TASK INSTRUCTIONS: What is needed here is an exact repetition of the records below, beginning at the line that has "Cam Ấm Áp m7" and stopping after the line that has "PANTONE 4281 C - Complementary Color Palette".

****************

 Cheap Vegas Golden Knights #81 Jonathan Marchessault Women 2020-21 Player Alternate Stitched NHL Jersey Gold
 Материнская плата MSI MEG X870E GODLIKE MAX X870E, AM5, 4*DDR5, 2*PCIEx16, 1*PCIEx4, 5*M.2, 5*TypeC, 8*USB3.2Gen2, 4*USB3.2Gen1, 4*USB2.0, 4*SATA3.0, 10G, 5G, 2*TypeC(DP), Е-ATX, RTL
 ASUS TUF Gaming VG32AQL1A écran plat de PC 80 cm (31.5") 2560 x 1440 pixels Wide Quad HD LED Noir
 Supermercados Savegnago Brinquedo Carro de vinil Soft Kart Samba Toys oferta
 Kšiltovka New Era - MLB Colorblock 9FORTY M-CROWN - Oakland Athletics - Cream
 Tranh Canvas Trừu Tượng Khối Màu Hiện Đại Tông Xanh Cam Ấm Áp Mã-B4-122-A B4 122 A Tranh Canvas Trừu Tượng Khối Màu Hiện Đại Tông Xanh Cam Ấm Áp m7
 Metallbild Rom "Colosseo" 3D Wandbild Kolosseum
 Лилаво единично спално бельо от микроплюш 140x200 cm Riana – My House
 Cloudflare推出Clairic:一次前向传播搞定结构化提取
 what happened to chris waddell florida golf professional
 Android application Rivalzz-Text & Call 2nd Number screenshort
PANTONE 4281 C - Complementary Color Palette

****************

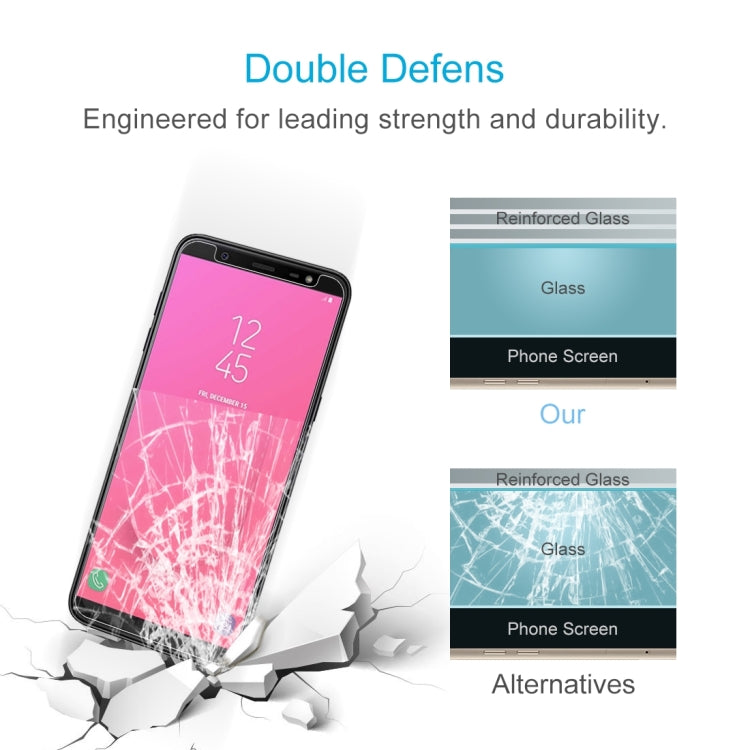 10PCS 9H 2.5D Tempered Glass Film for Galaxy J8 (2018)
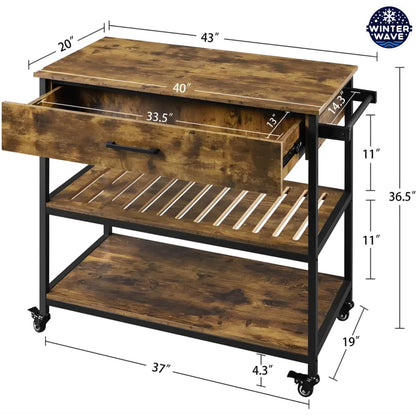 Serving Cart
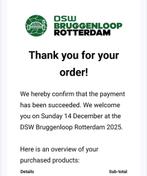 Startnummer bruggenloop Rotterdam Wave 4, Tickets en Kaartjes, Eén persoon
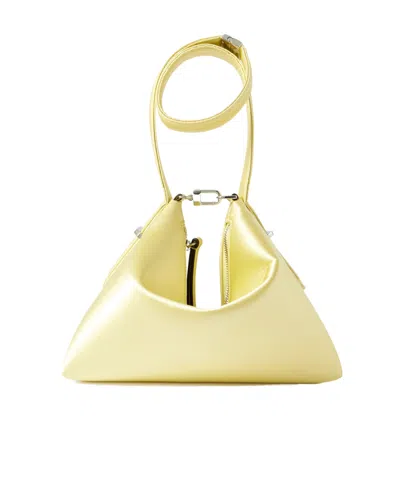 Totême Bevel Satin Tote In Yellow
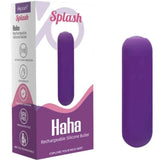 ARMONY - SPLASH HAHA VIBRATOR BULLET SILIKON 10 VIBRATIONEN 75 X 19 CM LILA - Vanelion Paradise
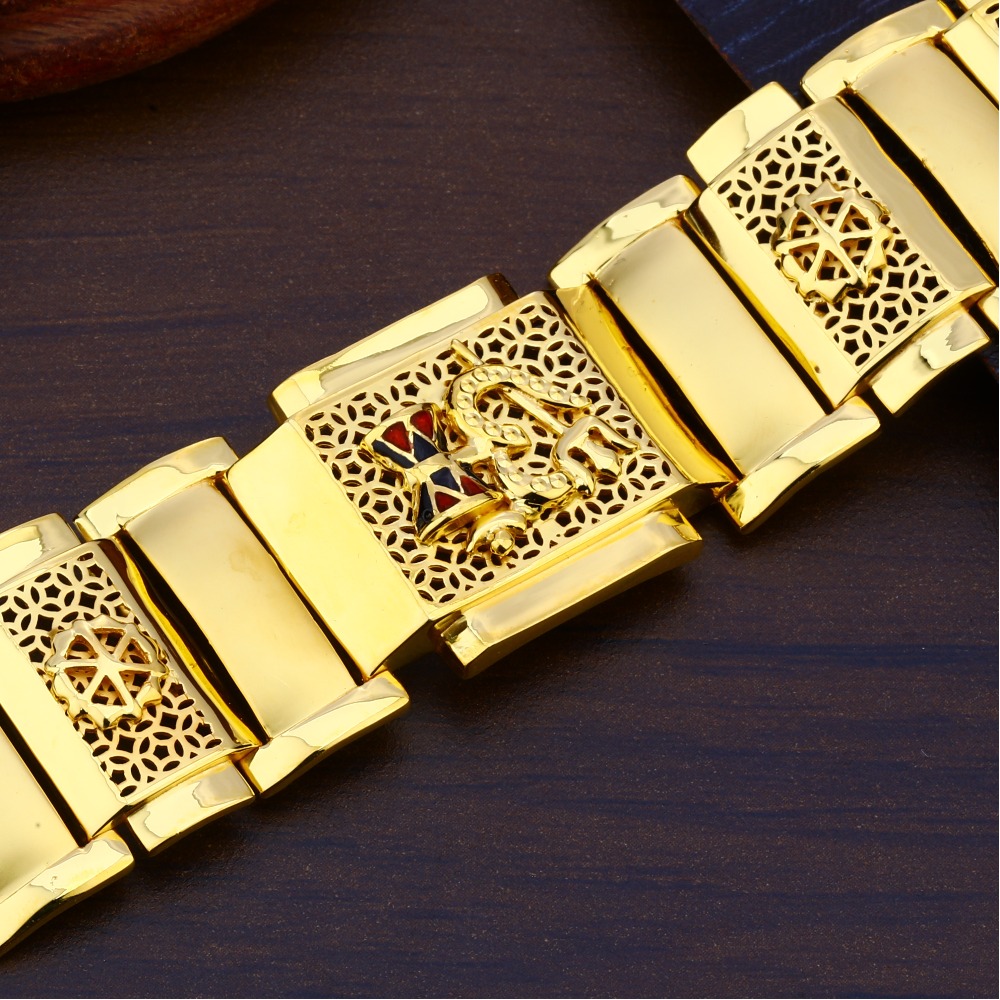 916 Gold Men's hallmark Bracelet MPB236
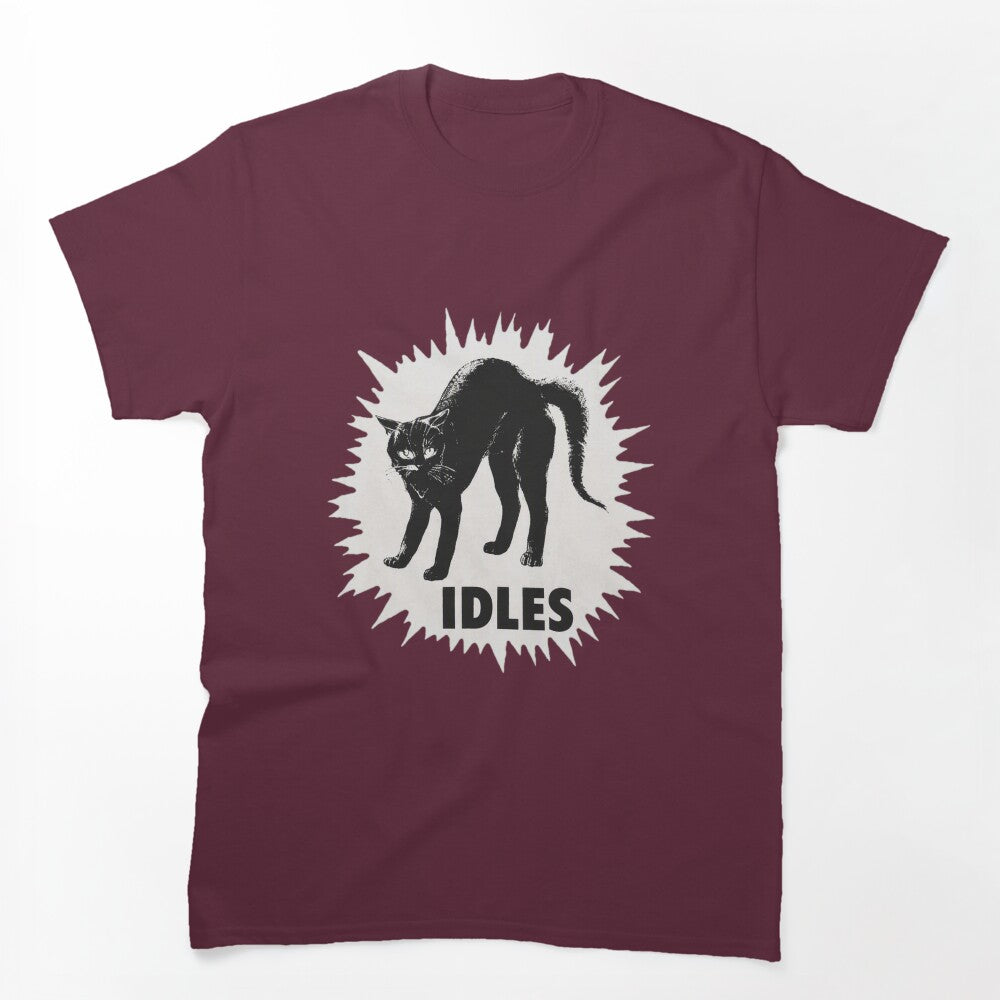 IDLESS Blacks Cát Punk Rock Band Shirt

****************

ANSWER SPACE:
 Tranh Canvas Trừu Tượng Khối Màu Hiện Đại Tông Xanh Cam Ấm Áp Mã-B4-122-A B4 122 A Tranh Canvas Trừu Tượng Khối Màu Hiện Đại Tông Xanh Cam Ấm Áp m7
 Metallbild Rom "Colosseo" 3D Wandbild Kolosseum
 Лилаво единично спално бельо от микроплюш 140x200 cm Riana – My House
 Cloudflare推出Clairic:一次前向传播搞定结构化提取
 what happened to chris waddell florida golf professional
 Android application Rivalzz-Text & Call 2nd Number screenshort
PANTONE 4281 C - Complementary Color Palette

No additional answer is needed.